• Supplied material:
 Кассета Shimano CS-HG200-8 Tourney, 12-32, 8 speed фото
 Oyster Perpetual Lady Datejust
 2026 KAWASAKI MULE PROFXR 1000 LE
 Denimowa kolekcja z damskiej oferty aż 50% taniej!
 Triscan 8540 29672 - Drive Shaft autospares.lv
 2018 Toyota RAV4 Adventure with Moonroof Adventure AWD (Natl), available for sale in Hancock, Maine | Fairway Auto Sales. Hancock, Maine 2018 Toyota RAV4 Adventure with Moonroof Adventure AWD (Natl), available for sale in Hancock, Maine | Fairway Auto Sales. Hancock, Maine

* * *

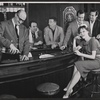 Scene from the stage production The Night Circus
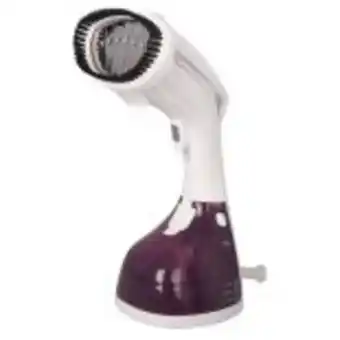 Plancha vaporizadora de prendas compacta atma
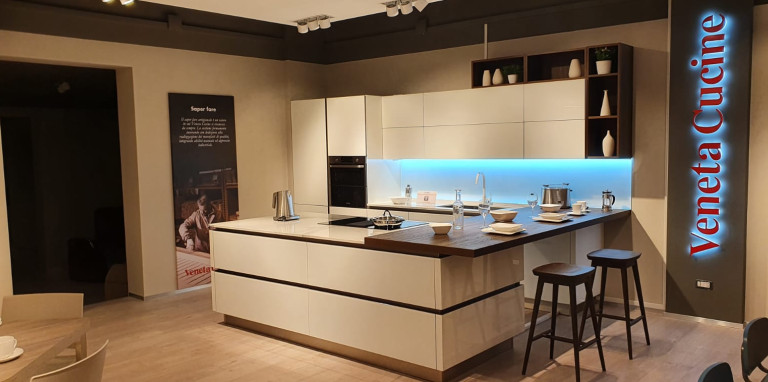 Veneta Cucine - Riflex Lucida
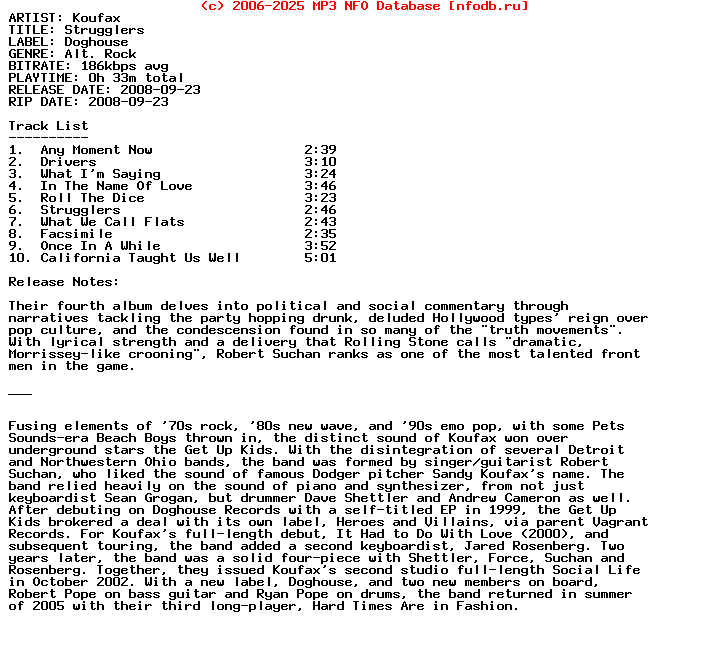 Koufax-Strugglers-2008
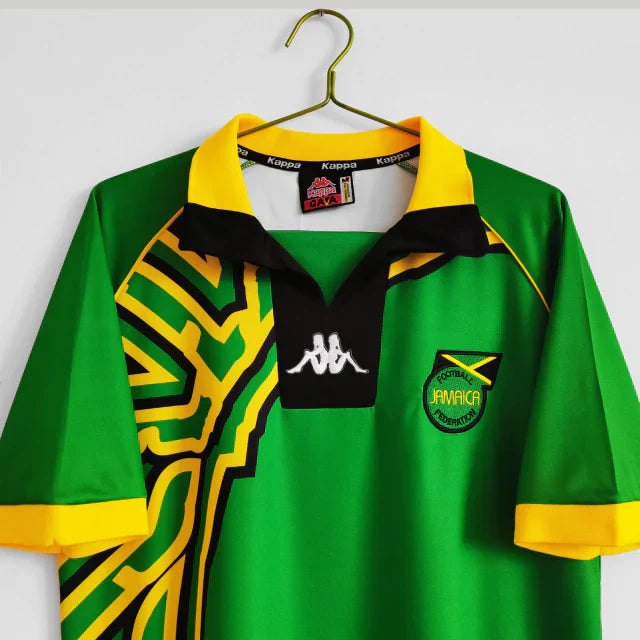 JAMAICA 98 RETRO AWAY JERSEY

• Work to complete: When you reach the line with "Scene from the" in the records above, start writing out each line exactly, and stop after the line with "JAMAICA 98 RETRO AWAY JERSEY". Pictures stay out.

• Result below:
 Scene from the stage production The Night Circus
 Plancha vaporizadora de prendas compacta atma
 Veneta Cucine - Riflex Lucida
 Koufax-Strugglers-2008
 JAMAICA 98 RETRO AWAY JERSEY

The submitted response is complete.